Source material:
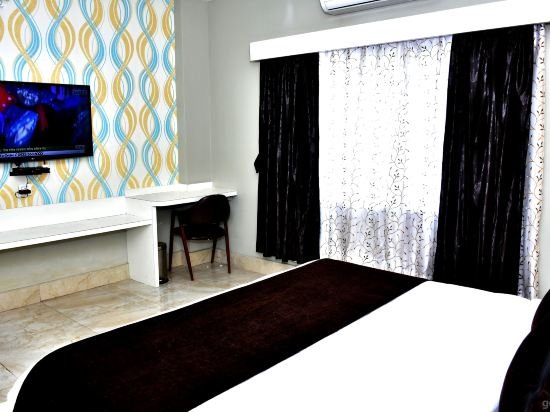 Hotel Daftari Palace,,3 star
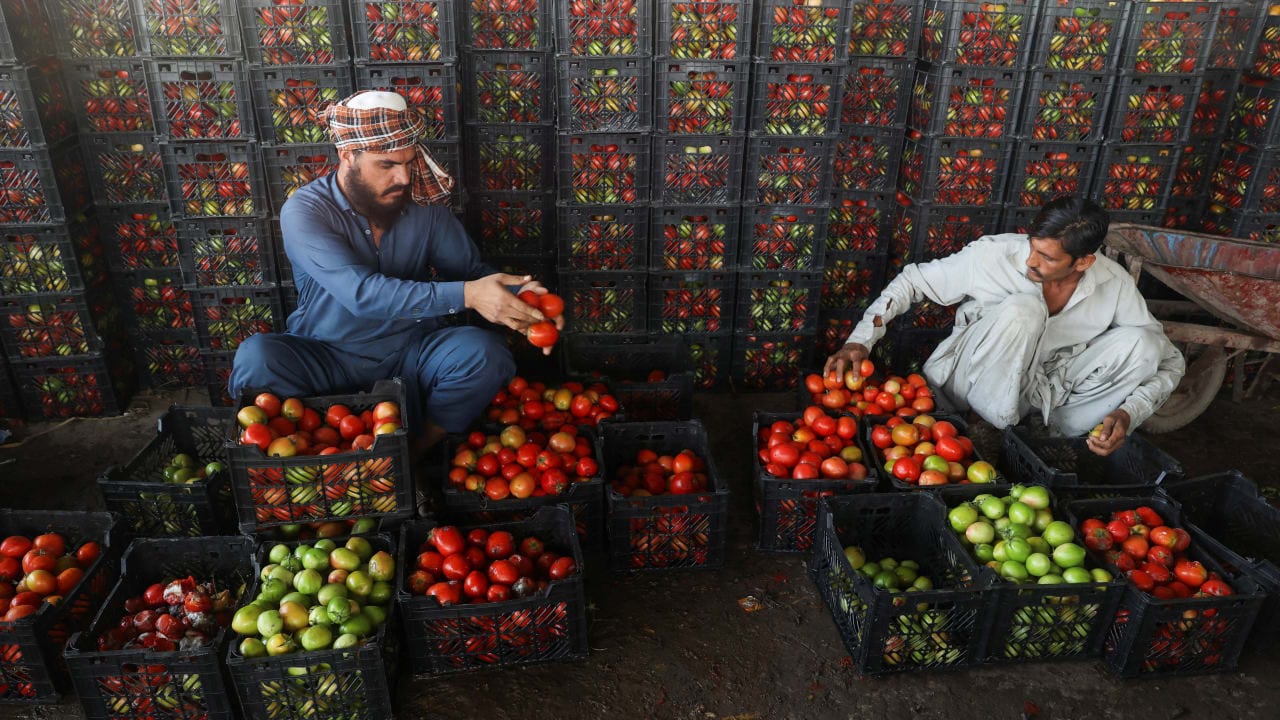 Afghanistan shifts trade to Iran route to avoid Pakistan closures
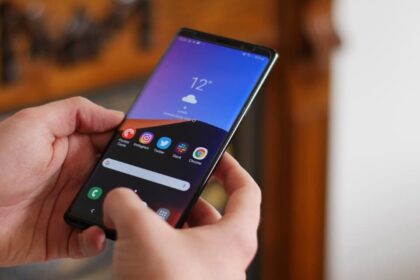 galaxy note 9 nas maos de um usuario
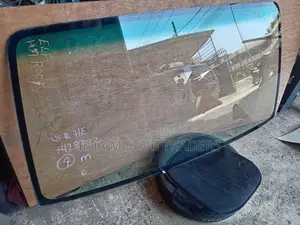 Isuzu ELF Windscreen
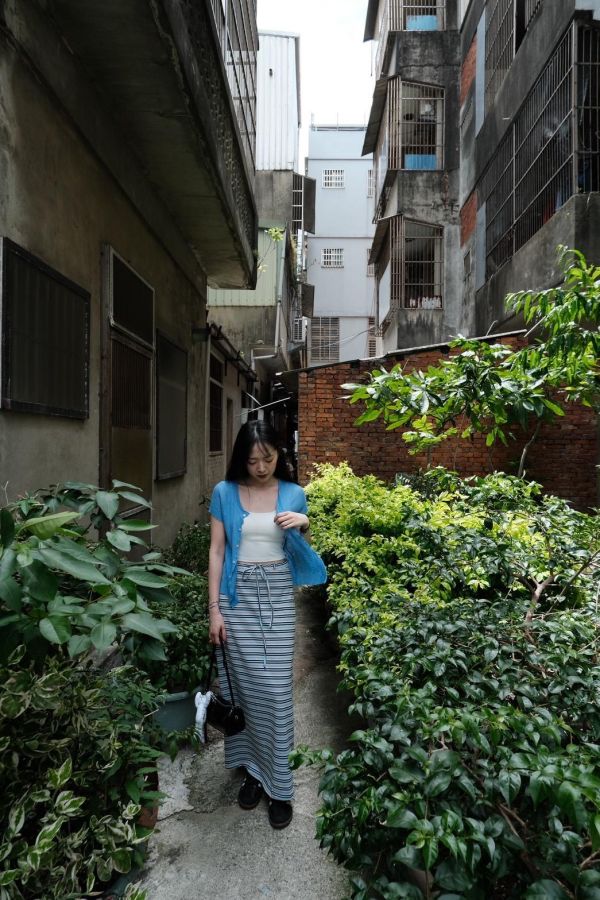 波浪滾邊針織上衣 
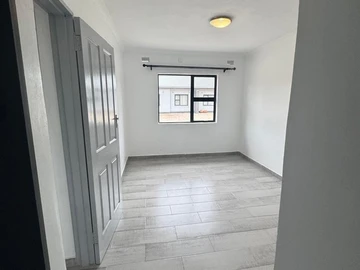 3 Bedroom Flat & Apartment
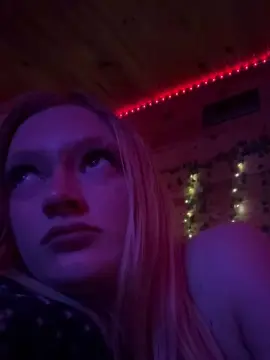 Valiptuous  live sex cam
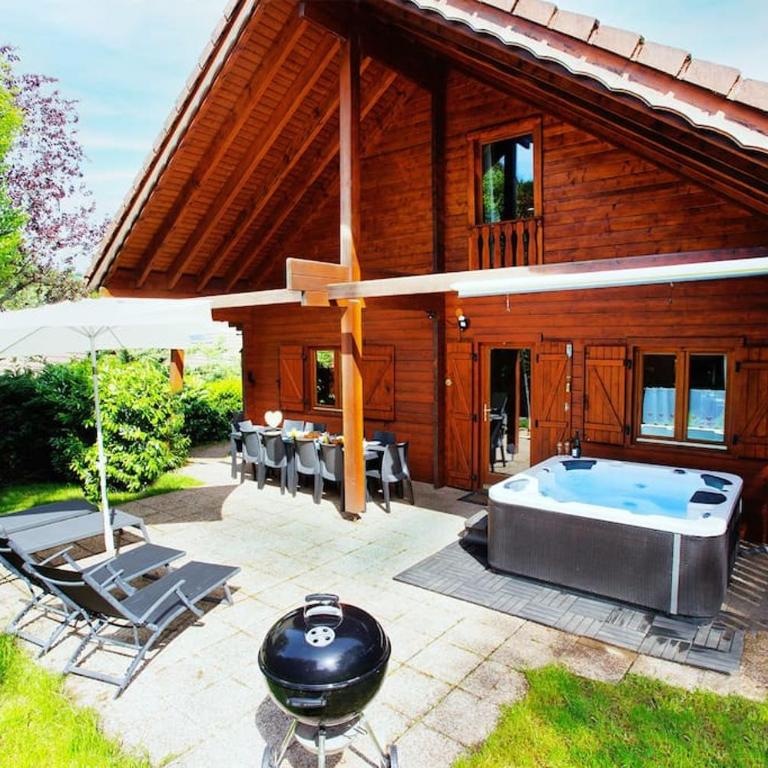 Chalet Les Brimbelles avec Jacuzzi - Chalet - 1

What you need to do: The entries above should be written out in full, and any picture in them left out.

Written response:
 Hotel Daftari Palace,,3 star
 Afghanistan shifts trade to Iran route to avoid Pakistan closures
 galaxy note 9 nas maos de um usuario
 Isuzu ELF Windscreen
 波浪滾邊針織上衣 
 3 Bedroom Flat & Apartment
 Valiptuous  live sex cam
 Chalet Les Brimbelles avec Jacuzzi - Chalet - 1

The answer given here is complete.